An article I was reading recently went pretty much as follows:
“He elected to soak the rich with taxes and sometimes seize their assets, but the legislature refused to let him, so he did what he could to circumvent the legislators by creating false cases in order to fine them.”
And that same article said he “wanted to be close to his people, but as their God,” not their leader.
A news release from the Republican National Committee critical of President Obama?
Not even close.
Rather, the article appeared in the September, 2014 edition of National Geographic, and referred to Nero, the emperor of Rome in the middle of the first century.

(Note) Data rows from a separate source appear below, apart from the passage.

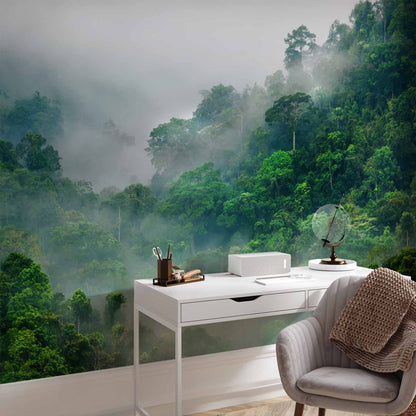 Fotobehang Morning Fog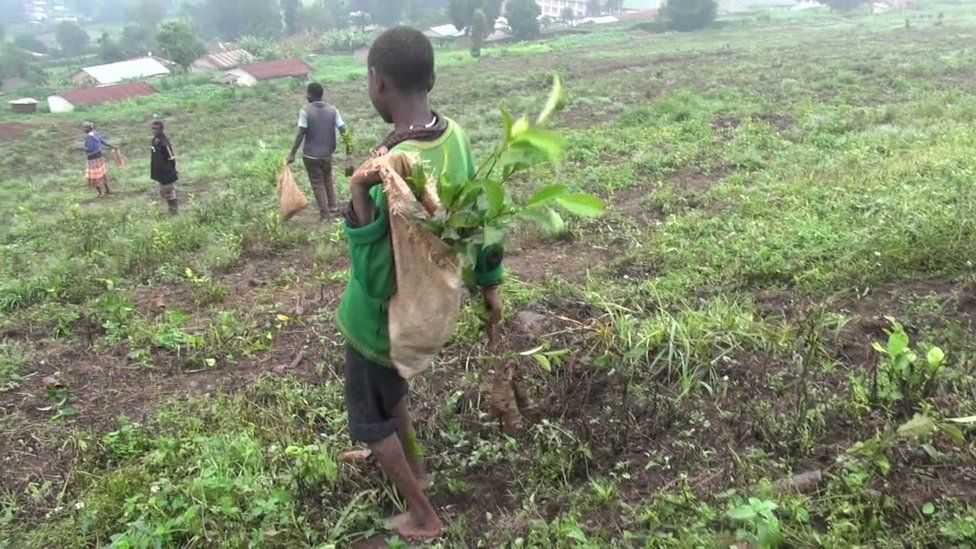 tea plantation young pickers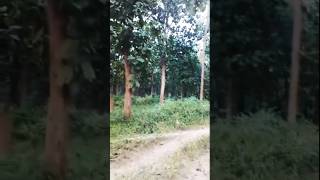 পিন্দাড়ে পলাসের বন❤💖 folksong pindare polasherbon angkitabhattacharya trandingsong ytshorts [upl. by Enyala349]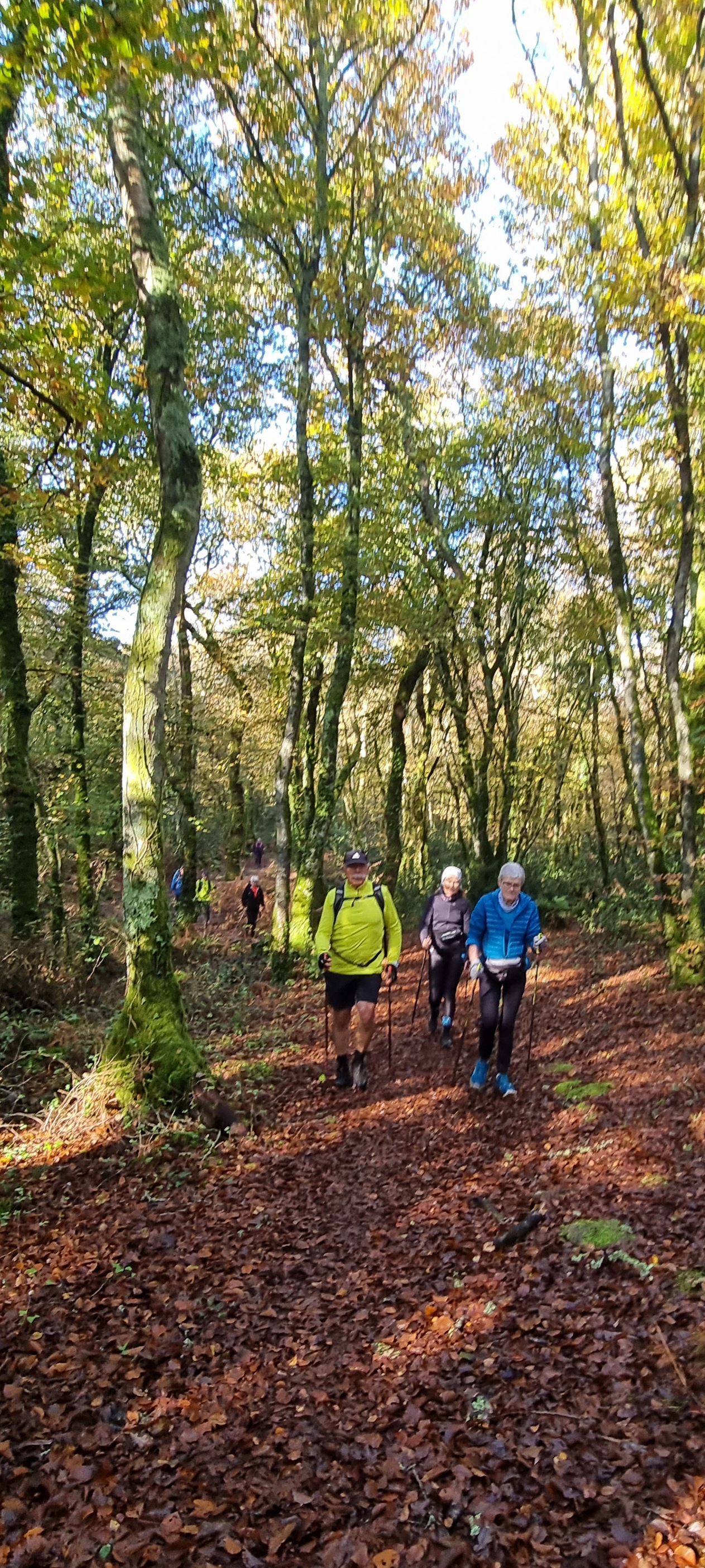 46-20211111_112351(0)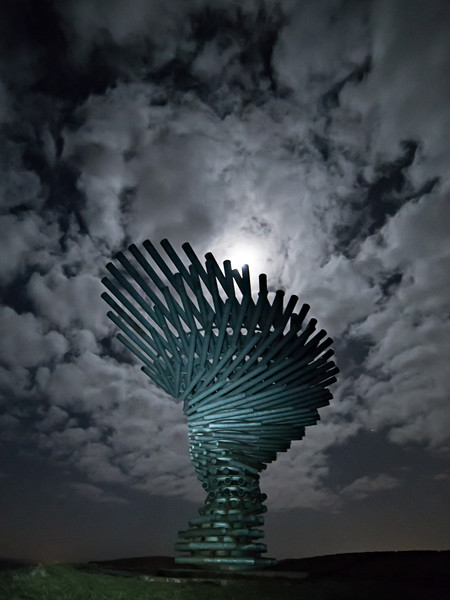 Singing Ringing Tree Moon Picture Board by Pete Collins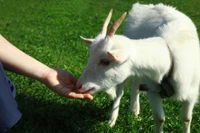 Smoky Mountain Deer Farm is one of the best things to do in the Smoky Mountains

In another part of the article, it was noted that, contrary to what “everybody knows,” Nero was not fiddling while Rome burned. He was, in fact, out of the city, and hurried back. If he was playing anything while on vacation, historians say it was a kithara. That’s a stringed instrument he was known to favor.
And no, he wasn’t playing golf, which had not been invented yet.
Articles in both Sunday papers to which I subscribe dealt with the amount of money being spent by “outside interests” in the Iowa campaign for United States Senator. Democrat Braley vs. Republican Ernst. Reporters from those papers and others apparently got together to compare notes on who is supporting the candidates.
I will probably wear out the “mute” button on my TV remote because I refuse to listen to the ads for either party. The tone doesn’t change and I long ago made up my own mind who would get my vote.
But before I quit listening, I probably would have concluded that the Koch brothers were the worm in the election apple. They are supporting Ernst. The TV ads harp on that. But the largest single contribution may be coming from a Braley supporter, millionaire hedge fund manager and climate change activist Tom Steyer. And the largest PAC fund seems to be Harry Reid’s Democratic Senatorial Campaign Committee. I don’t recall any commercials naming Sen. Reid or Steyer. Maybe they started after I quit listening.
It sort of is a case like in poker: I’ll see your millionaire and I will raise you one!
I refer you to Todd Dorman’s lengthy treatment in the September 21 issue of The Cedar Rapids Gazette for more details than I care to relate, or remember, for that matter. That day’s Des Moines Sunday Register has a longer but less detailed account of the same topic.
If you have not made up your mind, they are worth the reading.
Suit yourself on National Geographic.